The one liner is far less readable and under the hood it actually is worse: for each value in [0, m] you're iterating l and filtering it, so it's a O(n^2) code now instead of O(n). That mistake would be far easier to notice if you had written the exact same algorithm with loops: one would see a loop inside a loop and O(n^2) alarms should be ringing already.

Ironically, it's a great example of why readability is so much more important than conciseness and one liners.

verinus · on June 17, 2021

I agree and despite beeing a fan (kind of a convert from OO) of FP I am often wondering about readability of FP code.

One idea I have is, that often FP code is not modularized and violates the SOLID principle in doing several things in one line.

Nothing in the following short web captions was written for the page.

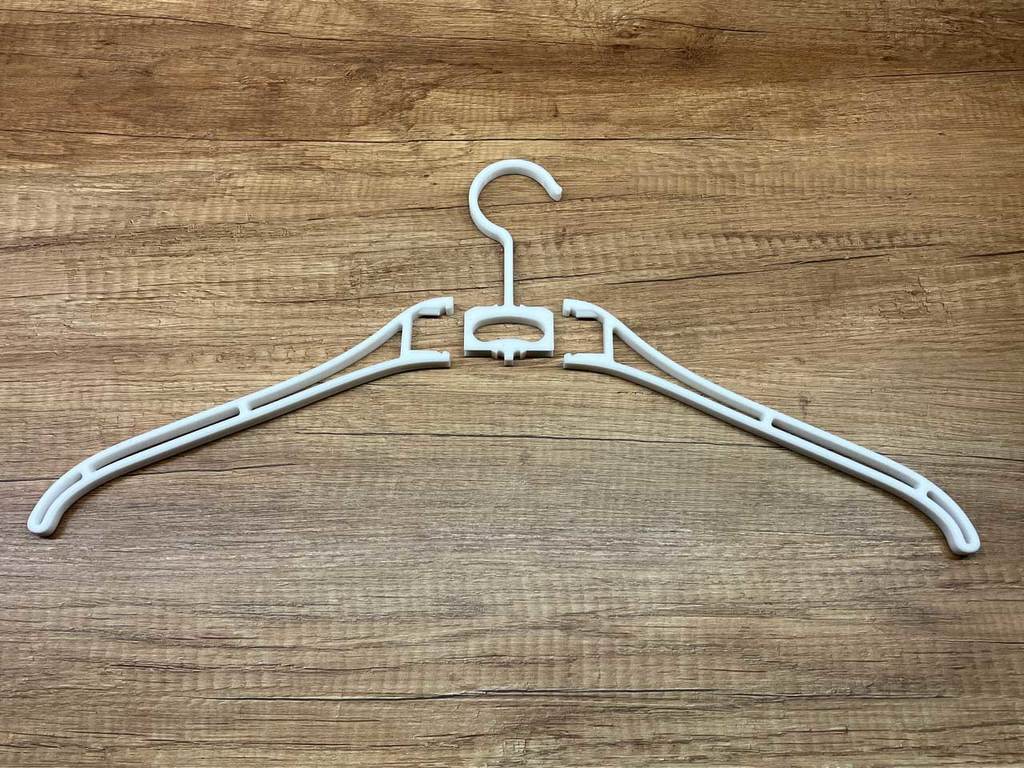 Steckbarer Kleiderbügel 43 cm, clothes hanger by netwalk Download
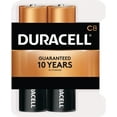 thumbnail image 1 of Piles 1,5V Coppertop Alcalines C de Duracell, Paquet de 8, 1 of 6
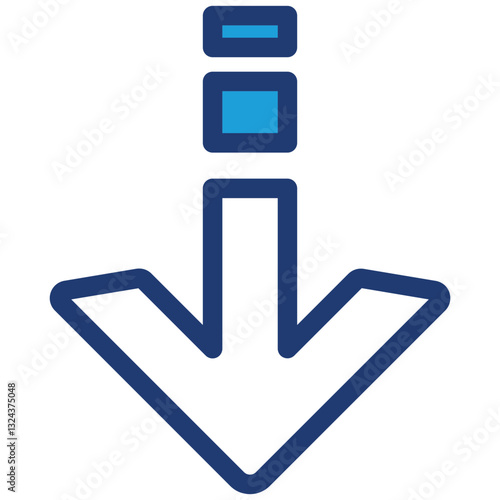 Down Arrow Icon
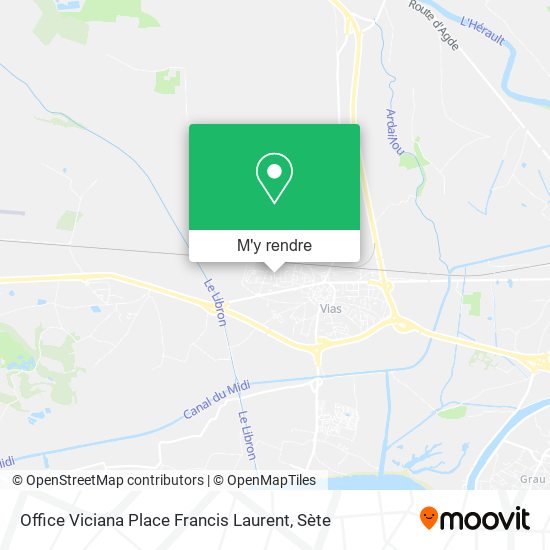 Office Viciana Place Francis Laurent plan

there are seldom named subfunctions where the name describe the purpose of the functions- take lamdas as an example: I have to parse the lamda code to learn what it does. Even simple filtering might be improved (kinda C#):

var e = l.Filter(e => e.StartsWith("Comment"));

vs.

var e = l.Filter(ElementIsAComment);

or even using an extension method:

var e = l.FindComments();

sorry I could not come up with a better example- I hope you get my point...

kamray23 · on June 17, 2021

True, it is computationally worse, though it's O(nm) so applying m at compile time to form a practical use as I used it will turn it into to O(n) in practice.

But that much is immediately obvious since it's mapping a filter, that is, has a loop within a loop.

I did consider the second one to also take quadratic time though. I forgot that in python getting list elements by index is O(1) instead of O(n) which is what I'm personally used to with lists.

It's also true that you can replace the filter with

  [ v | v <- l, v `mod` m == x ]

but that's not as much fun as

(x ==) . (`mod` m)

I just love how it looks and it doesn't personally seem any less clear to me, maybe a bit more verbose.

ummonk · on June 17, 2021

"I forgot that in python getting list elements by index is O(1) instead of O(n) which is what I'm personally used to with lists."

Have you considered that maybe this is a sign you're too deep into using impractical programming languages?

Cleanness for immutable data structures aside, linked list are a very poor way to store data given the way computer architectures are designed.

dragonwriter · on June 17, 2021

> Have you considered that maybe this is a sign you're too deep into using impractical programming languages?

“Languages that use ‘list’ for linked lists and have different names for other integer-indexable ordered collections” aren’t necessarily “impractical”.

gjulianm · on June 18, 2021

> True, it is computationally worse, though it's O(nm) so applying m at compile time to form a practical use as I used it will turn it into to O(n) in practice.

Even applying it at compile time, it's still O(nm). You have to compute 'v mod m' for each possible value of v and m.

> But that much is immediately obvious since it's mapping a filter, that is, has a loop within a loop.

It's not immediately obvious because you have to parse the calls and see exactly where is the filter and the map.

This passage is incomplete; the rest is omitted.